4.4.3 Decomposition of the inertia
Principal inertias (eigenvalues):
dim value % cum% scree plot
1 0.039117 47.2 47.2 ************
2 0.030381 36.7 83.9 *********
3 0.010869 13.1 97.0 ***
4 0.002512 3.0 100.0 *
-------- -----
Total: 0.082879 100.0
Rows:
name mass qlt inr k=1 cor ctr k=2 cor ctr
1 | Geol | 107 916 137 | 76 55 16 | 303 861 322 |
2 | Bioc | 36 881 119 | 180 119 30 | -455 762 248 |
3 | Chem | 163 644 21 | 38 134 6 | 73 510 29 |
4 | Zool | 151 929 230 | -327 846 413 | 102 83 52 |
5 | Phys | 143 886 196 | 316 880 365 | 27 6 3 |
6 | Engi | 111 870 152 | -117 121 39 | -292 749 310 |
7 | Micr | 46 680 10 | 13 9 0 | -110 671 18 |
8 | Bota | 108 654 67 | -179 625 88 | -39 29 5 |
9 | Stat | 36 561 12 | 125 554 14 | 14 7 0 |
10 | Math | 98 319 56 | 107 240 29 | -61 79 12 |
Columns:
name mass qlt inr k=1 cor ctr k=2 cor ctr
1 | A | 39 587 187 | 478 574 228 | 72 13 7 |
2 | B | 161 816 110 | 127 286 67 | 173 531 159 |
3 | C | 389 465 94 | 83 341 68 | 50 124 32 |
4 | D | 162 968 347 | -390 859 632 | 139 109 103 |
5 | E | 249 990 262 | -32 12 6 | -292 978 699 |
The first part of the output of summary shows that the \(10\times 5\) table produces 4 principal axes (dimensions). The two first (used in the CA map) explain 83.9% of the total inertia. The value of the \(\chi^2\) statistic is \(total\;inertia\times n = 65.97.\)

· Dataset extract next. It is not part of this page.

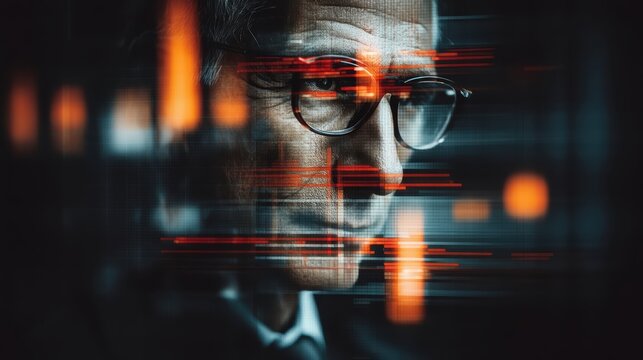 An older man with glasses appears thoughtful, overlaid with digital data graphics and glowing lines, suggesting technology and analysis - Powered by Adobe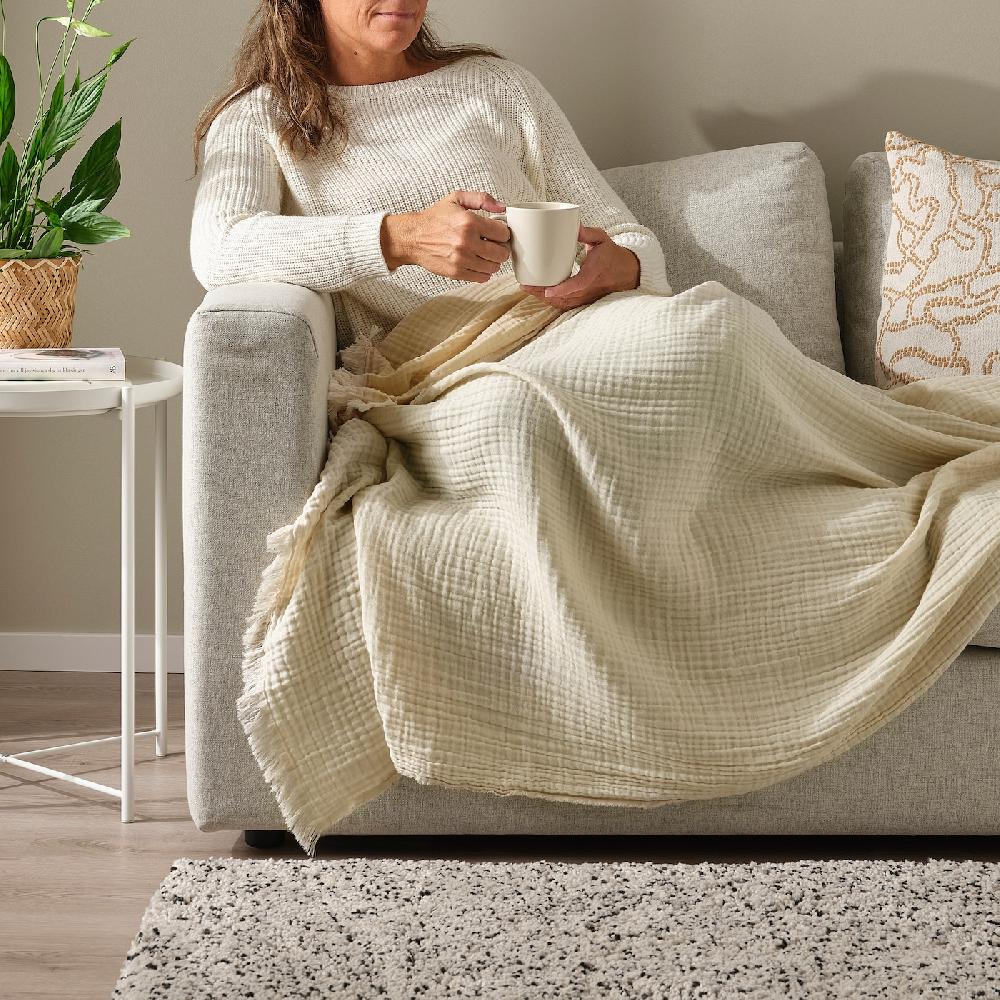 IKEA VALLKRASSING Plaid Bianco Sporco 150x200 Cm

The subsequent output provides more comprehensive details about how the inertia/variability is decomposed by rows and columns, the contributions of these to each principal axis, and how well they are represented in the CA map (we refer to Greenacre (2007)’s book for more details about these measures).
4.5 Case study 2: marine species abundance
The data set consists of abundance (frequencies) of 92 marine species in 13 stations (samples) in the North sea
species <- read.table("SpecAbund.txt", h = T, stringsAsFactors = TRUE)
# Show first lines of the table
head(species) Species S4 S8 S9 S12 S13 S14 S15 S18 S19 S23 S24 R40 R42
1 Myri_ocul 193 79 150 72 141 302 114 136 267 271 992 5 12
2 Chae_seto 34 4 247 19 52 250 331 12 125 37 12 8 3
3 Amph_falc 49 58 66 47 78 92 113 38 96 76 37 0 5
4 Myse_bide 30 11 36 65 35 37 21 3 20 156 12 58 43
5 Goni_macu 35 39 41 37 32 45 41 41 31 29 64 32 23
6 Amph_fili 19 39 11 38 18 20 11 22 30 40 3 55 65
Stations starting with S are close to oil-drill platform (pollution), stations R40 and R42 are regarded as clean reference samples.
# Extract the counts and use site as row label
sp.counts <- data.frame(row.names = species$Species, species[2:14])
sp.ca <- ca(sp.counts)
plot(sp.ca, map = "rowprincipal") # Use different scaling to facilitate interpretation
Stations form a curve from most polluted stations to least polluted stations. Reference clean stations (R40, R42) are far from the drilling area.
Station 24 separates out from the others: higher relative abundance of Echi.sp and Myri.ocul. here. Species Eumi.oke. is linked to the most polluted stations.
The two first CA dimensions explain 57.5% of the total variation.